The offer is £140,000 transfer value for a pension currently valued at £5000/year at 65. I am 45 now and hope to be able to retire at 55. My plan has always been to have this deferred pension as a fall back cushion to give me more flexibility with my private pension between 55 and 65.

So the offer is 28 times the yearly pension. A far cry from my current colleagues in one if the big six energy firms who are being given 36 X value. But hey, who's jealous..
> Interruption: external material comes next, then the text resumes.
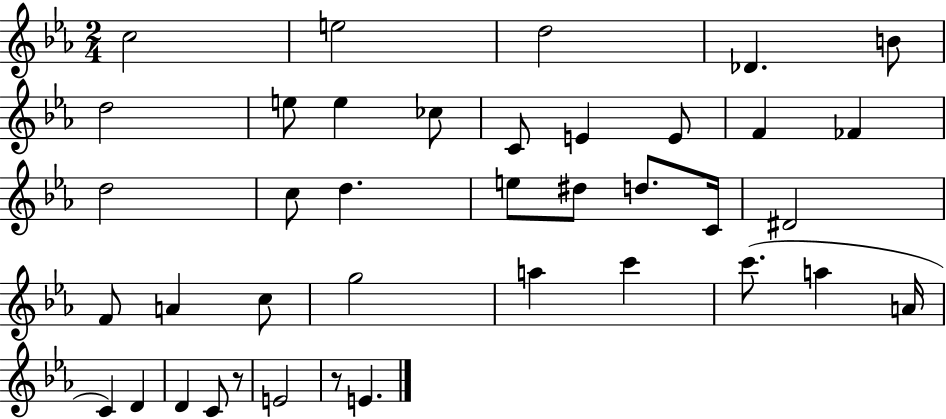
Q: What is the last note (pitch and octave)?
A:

So my predicament now is that I'm on a limited time frame. I have an appointment with an IFA on Thursday. BUT I also have to make my decision this week as to whether to go into the PPF which will allow me another CETV valuation in the current scheme and the transfer would need to be done before end of March. If I did not then transfer out I would move to the PPF and never be allowed to transfer out going forward.
The other option is to select to go into the new british steel scheme but in this case I am not allowed another transfer value until the new scheme starts next april, and there is a warning the value will be lower. I would have until mid January to get the transfer done at this value if I go this route.

My current thoughts are to transfer to the new scheme. This is based on the PPF only really proving the better option if I draw the pension early. Also in the new scheme it still gives me the ability to transfer out sometime over the next 20 years if it proves the right thing to do.

Gut feeling is that the advisor will not advise me to transfer out, but £140,000 now is 28 years of pension payments and 20 years of growth which should more than account for inflation and CPI pension rises. I'd have been happier if it was really high value like my colleagues or absolute rubbish. Being middle of the road makes it a harder decision.

So yeah, my own fault for missing the letter and putting myself in this situation. Any thoughts.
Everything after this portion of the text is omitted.